### Work required:
Find the line with "MINI – Tabla de Mármol Blanco 40×15×2 cm" in the records below. Output exactly from there until after the line with "Vintage Horror Magazine", without pictures.

### Exercise data:
★ ★ ★
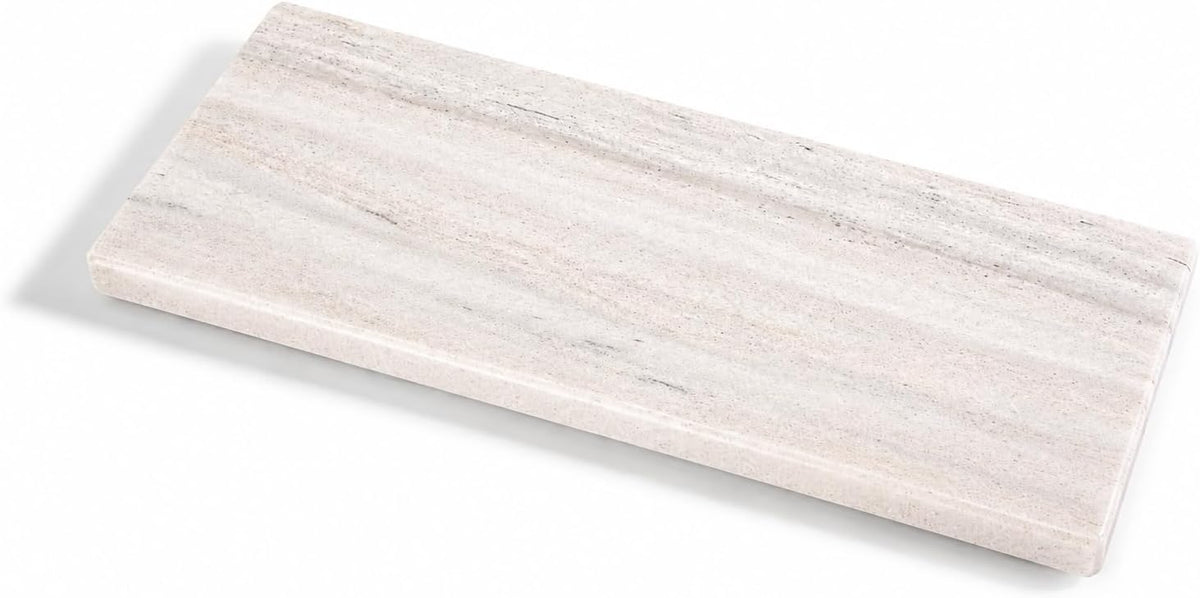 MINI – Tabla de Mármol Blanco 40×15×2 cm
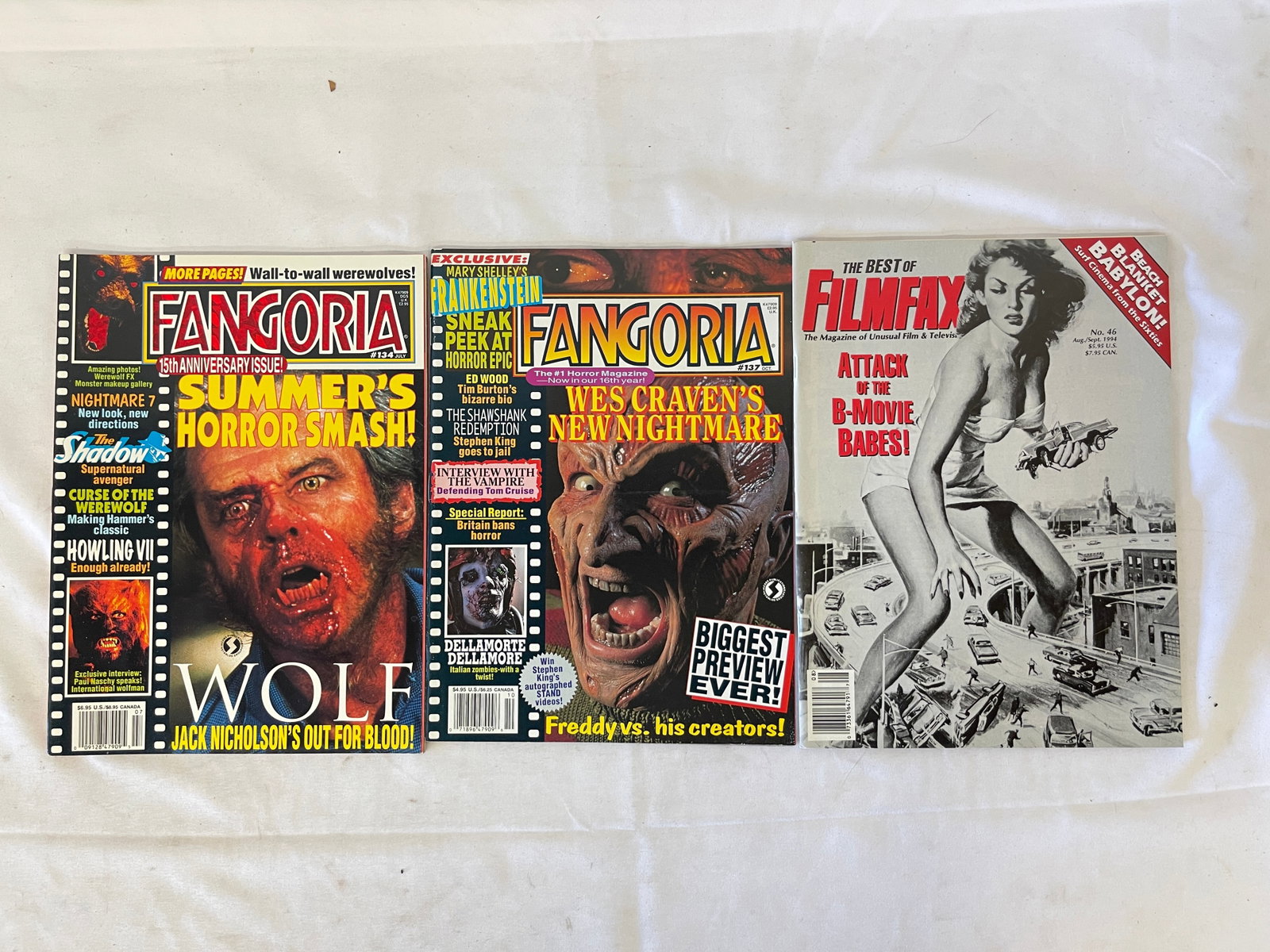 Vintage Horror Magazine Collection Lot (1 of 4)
★ ★ ★
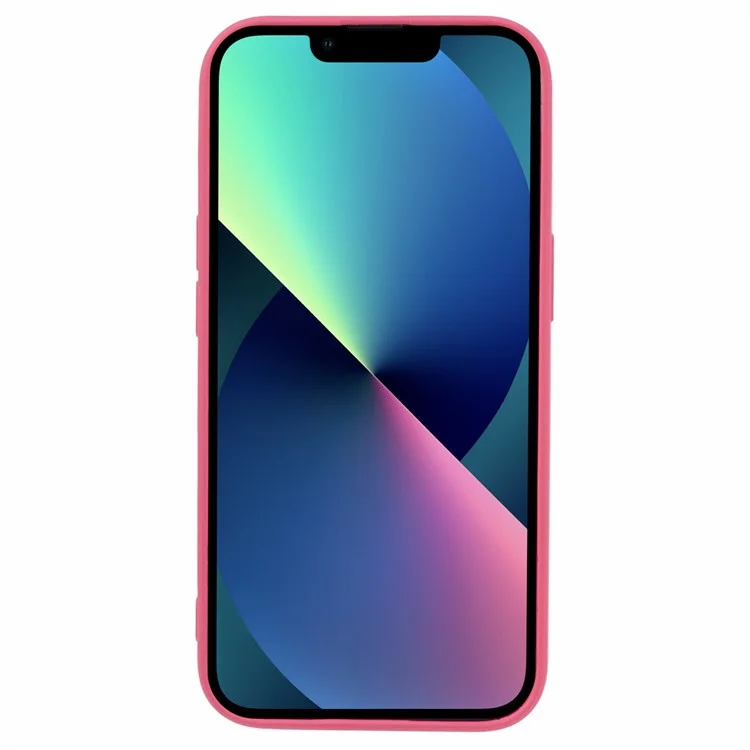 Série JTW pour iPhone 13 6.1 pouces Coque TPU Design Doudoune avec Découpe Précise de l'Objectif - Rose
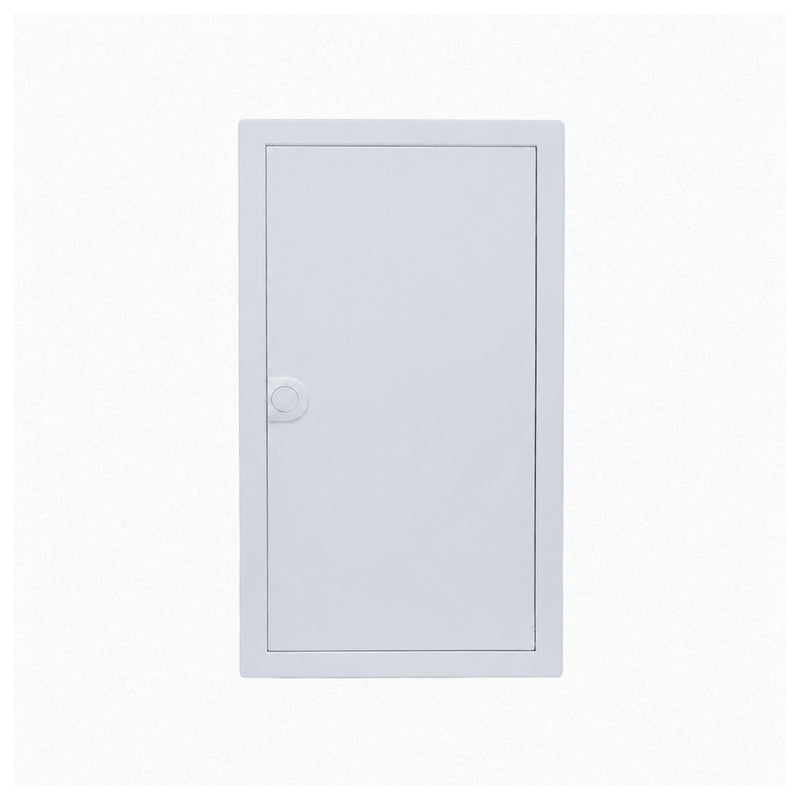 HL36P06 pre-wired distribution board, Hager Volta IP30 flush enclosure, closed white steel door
★ ★ ★
### Output of the exercise:
 MINI – Tabla de Mármol Blanco 40×15×2 cm
 Vintage Horror Magazine Collection Lot (1 of 4)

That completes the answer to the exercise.